### DATA ###

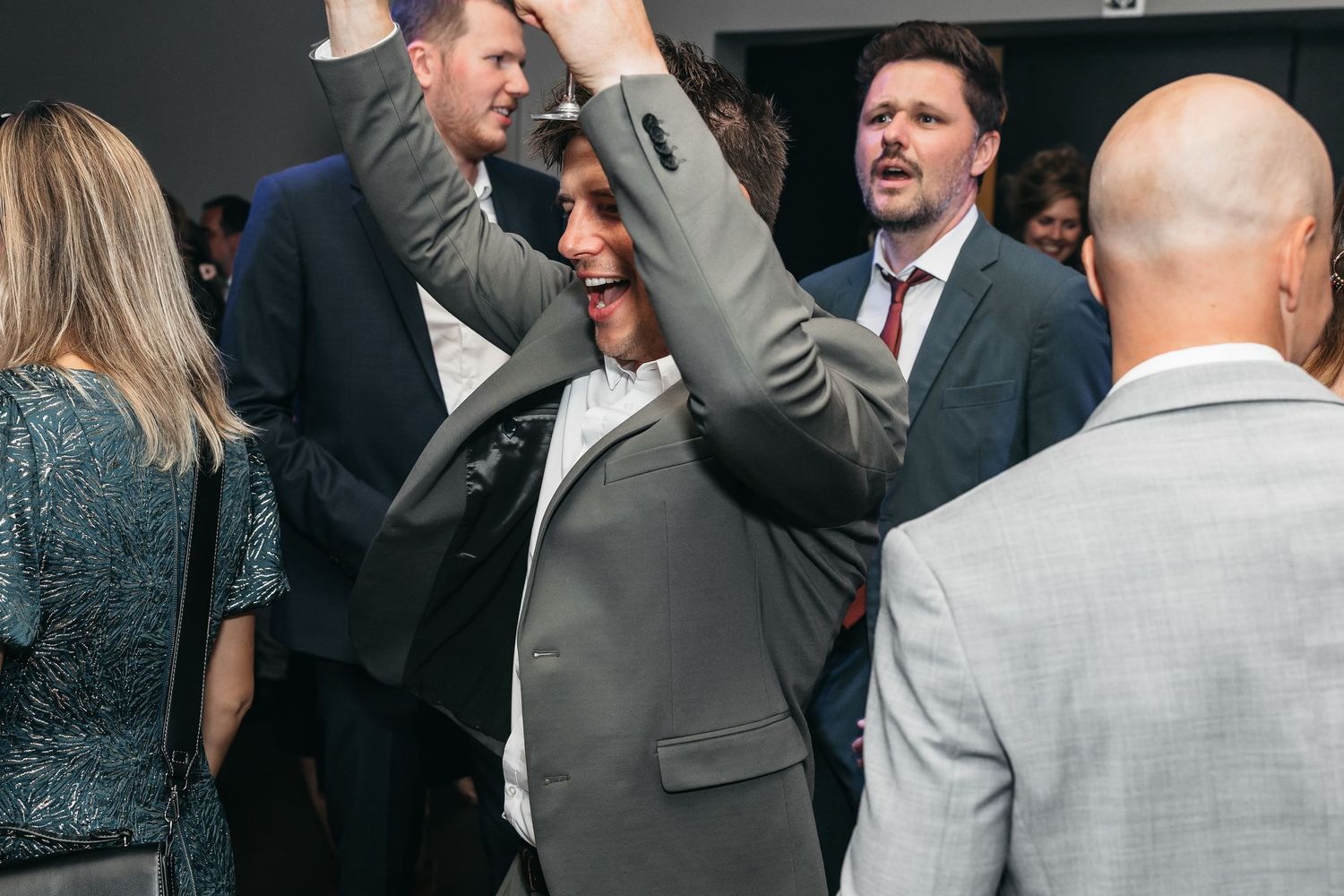 Excited man in grey suit dances with arms raised at wedding reception party.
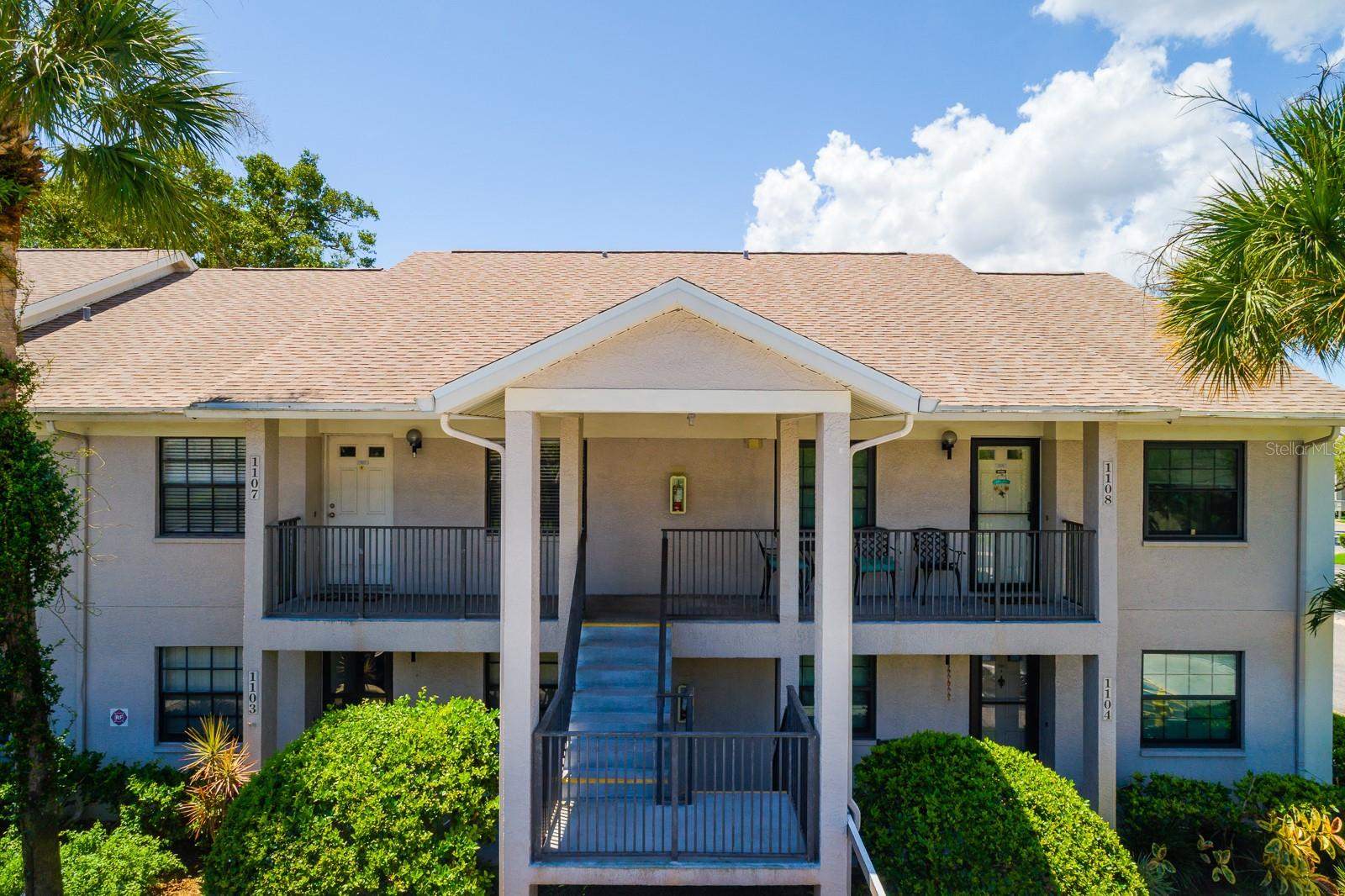 One or more photo(s) has been virtually staged. Discover a peaceful, pond-side escape right in the heart of vibrant Central Dunedin. This beautifully cared-for 2-bedroom, 2-bath condo offers a lifestyle that blends relaxation and accessibility, just minutes from the charm of Downtown Dunedin, boutique shops, local eateries, and an easy commute to Tampa. Perched on the second floor, this light-filled unit welcomes you with soaring vaulted ceilings, an open-concept layout, and calming views that instantly make you feel at home. Step onto the screened lanai, your new favorite coffee spot, overlooking a sparkling pond and fountain that feels like your own private oasis. The in-unit laundry is cleverly tucked away here, so even chores come with a view. Retreat to a serene primary suite featuring pond views, vaulted ceilings, dual closets, and a spacious vanity area leading to a walk-in shower. The guest bedroom offers comfort and flexibility, with a large closet and natural light pouring in from the front window. The community invites you to unwind with a resort-style pool, expansive sun deck, and welcoming clubhouse—perfect for weekend lounging or social gatherings. Assigned covered parking and plentiful guest spots ensure convenience for both you and your visitors. This condo is more than just a home—it’s a lifestyle upgrade, and your move to Dunedin could be easier than ever. Don’t wait—schedule your private showing today and experience it in person!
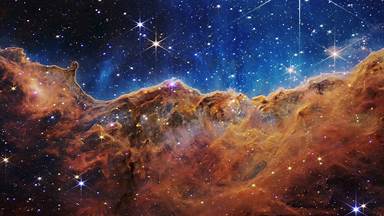 Cosmic Cliffs in the Carina Nebula (© NASA, ESA, CSA, and STScI)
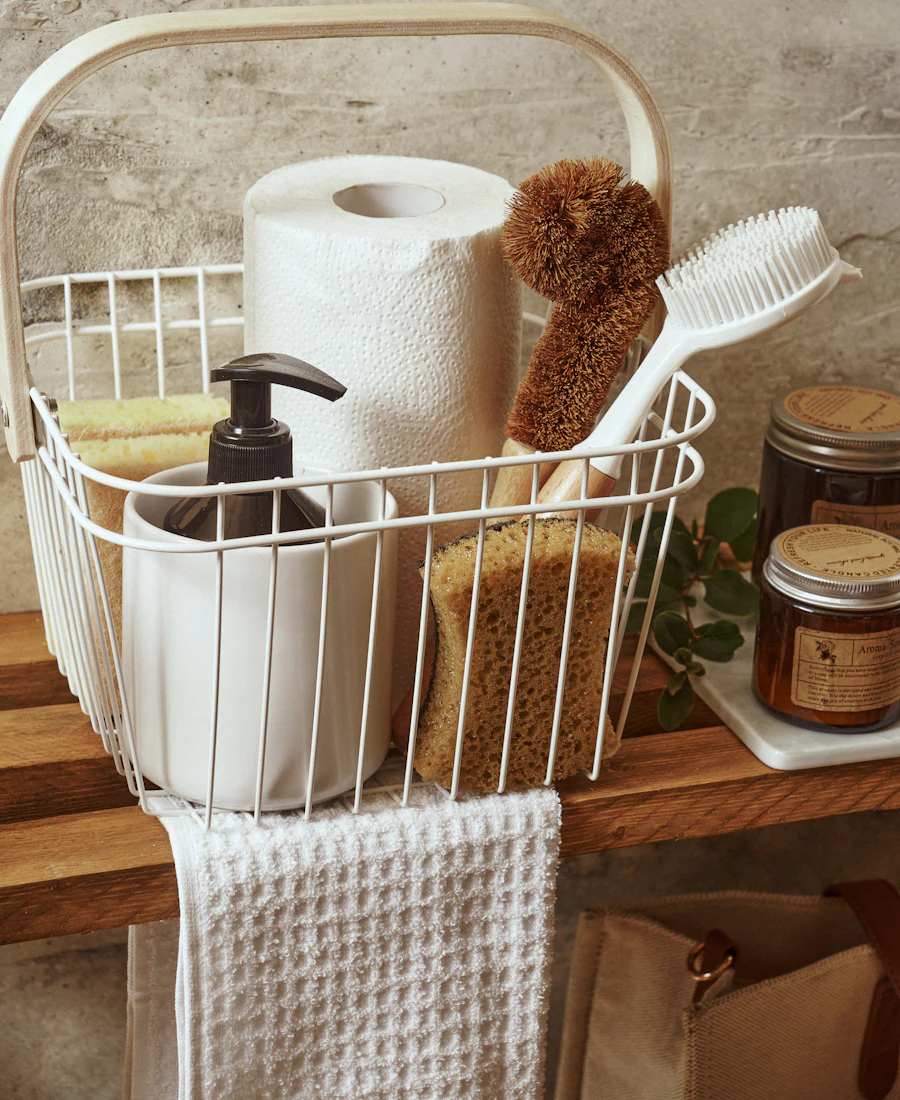 A basket of cleaning supplies and towels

###

◆ **EXERCISE DETAILS**
Transcribe each line above verbatim, with the pictures left out.

◆ **REPLY TO THE EXERCISE**
 Excited man in grey suit dances with arms raised at wedding reception party.
 One or more photo(s) has been virtually staged. Discover a peaceful, pond-side escape right in the heart of vibrant Central Dunedin. This beautifully cared-for 2-bedroom, 2-bath condo offers a lifestyle that blends relaxation and accessibility, just minutes from the charm of Downtown Dunedin, boutique shops, local eateries, and an easy commute to Tampa. Perched on the second floor, this light-filled unit welcomes you with soaring vaulted ceilings, an open-concept layout, and calming views that instantly make you feel at home. Step onto the screened lanai, your new favorite coffee spot, overlooking a sparkling pond and fountain that feels like your own private oasis. The in-unit laundry is cleverly tucked away here, so even chores come with a view. Retreat to a serene primary suite featuring pond views, vaulted ceilings, dual closets, and a spacious vanity area leading to a walk-in shower. The guest bedroom offers comfort and flexibility, with a large closet and natural light pouring in from the front window. The community invites you to unwind with a resort-style pool, expansive sun deck, and welcoming clubhouse—perfect for weekend lounging or social gatherings. Assigned covered parking and plentiful guest spots ensure convenience for both you and your visitors. This condo is more than just a home—it’s a lifestyle upgrade, and your move to Dunedin could be easier than ever. Don’t wait—schedule your private showing today and experience it in person!
 Cosmic Cliffs in the Carina Nebula (© NASA, ESA, CSA, and STScI)
 A basket of cleaning supplies and towels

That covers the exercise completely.